Throat Slitting not Shibboleth
I tried to write this piece twice now. I keep deleting it and pretending it isn't on my mind. So instead I'm just going to forgo waxing elegantly
(inserts pause for the "when has he ever done that" joke)
<cough> waxing elegantly, I am simply going to do a bullet format ramble on some thoughts. The topic of the day: "Defending Ourselves and Not the Gospel or How to Deny the Inherent Power of the Risen Christ while Appearing Fervent for the Gospel."
- Every denomination has issues. I am most familiar with the doctrinal issues in the SBC, OPC, and PCA. They exist everywhere and these issues are real. They are usually serious doctrinal issues that need to be talked through and hashed out.
- However, many of these issues are the result of people staring at the same problem and coming to different conclusions on the solution. One overly general example would be how Karl Barth and the Plymouth Brethren responded to theological liberalism. Barth lifted up the Word of God (Jesus Christ) and brought back orthodoxy. At the time, Barth looked liked a conservative. Now conservatives label him liberal and never read him (they will be lamenting this for a century). The Plymouth Brethren laid the ground work for the fundamentalist, uber-literalistic reading of the Bible that resulted in the premillennial, pre-tribulation cult that is Dispensationalism. Both rejected liberalism's hermeneutics and theology but the two have never liked each other.
- Setting aside that extreme example, I believe similar things occur within denominations to this day at many levels. Organizations of living, breathing, and loving people recognize real problems, disagree about what the solution is, and proceed to defend their solutions.

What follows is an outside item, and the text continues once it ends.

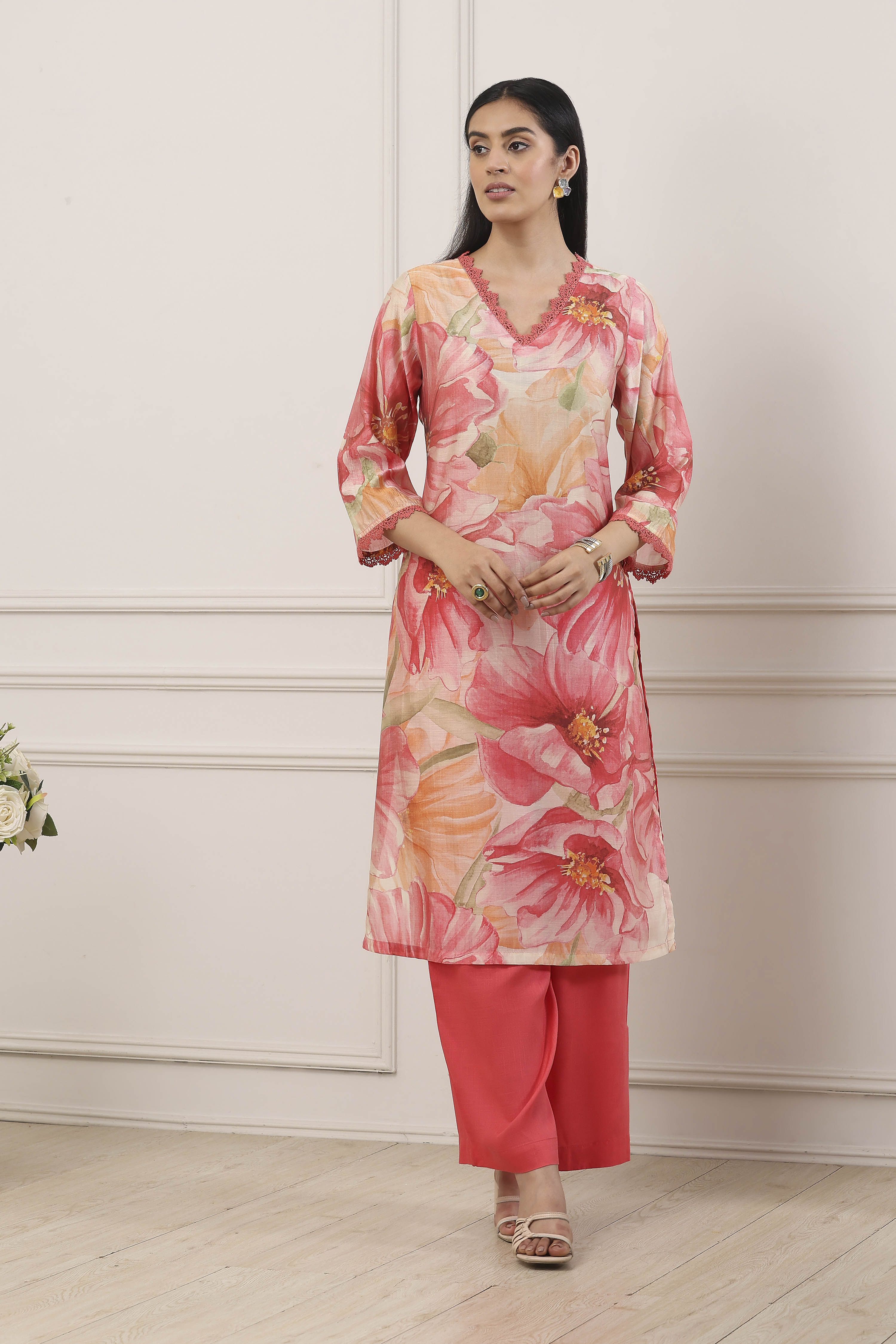 Pink Floral Print Lace Trim Straight Suit Set image number 7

These "problems" include how to interpret certain passages of Scripture, structure a service or best exemplify "being Christ-like." In most cases both solutions are truly concerned with rectifying "the problems." They are not out to exacerbate the situation.
- Eventually these differing solutions become warring parties. Suddenly these solutions become the only form of "the gospel." These warring parties turn to throat slitting and gospel denying factions while the original problems remain un-addressed by a unified body of Christ.
- Churches need to step back from their Shibboleth bridges. This will involve individuals, sessions, presbyteries, synods, etc. The gospel does not need our protection. We are called to protect it. But it does not need us. When we try to enforce our Shibboleth, we turn to throat slitting. Instead we need to acknowledge that our differences are severe and we are called to seek reconciliation not presume the other needs repentance.
*Note: Alternately I could have ran this same idea through the prism of "The Offensive Altar" found in Joshua 22. The passage remains homework for the exception reader.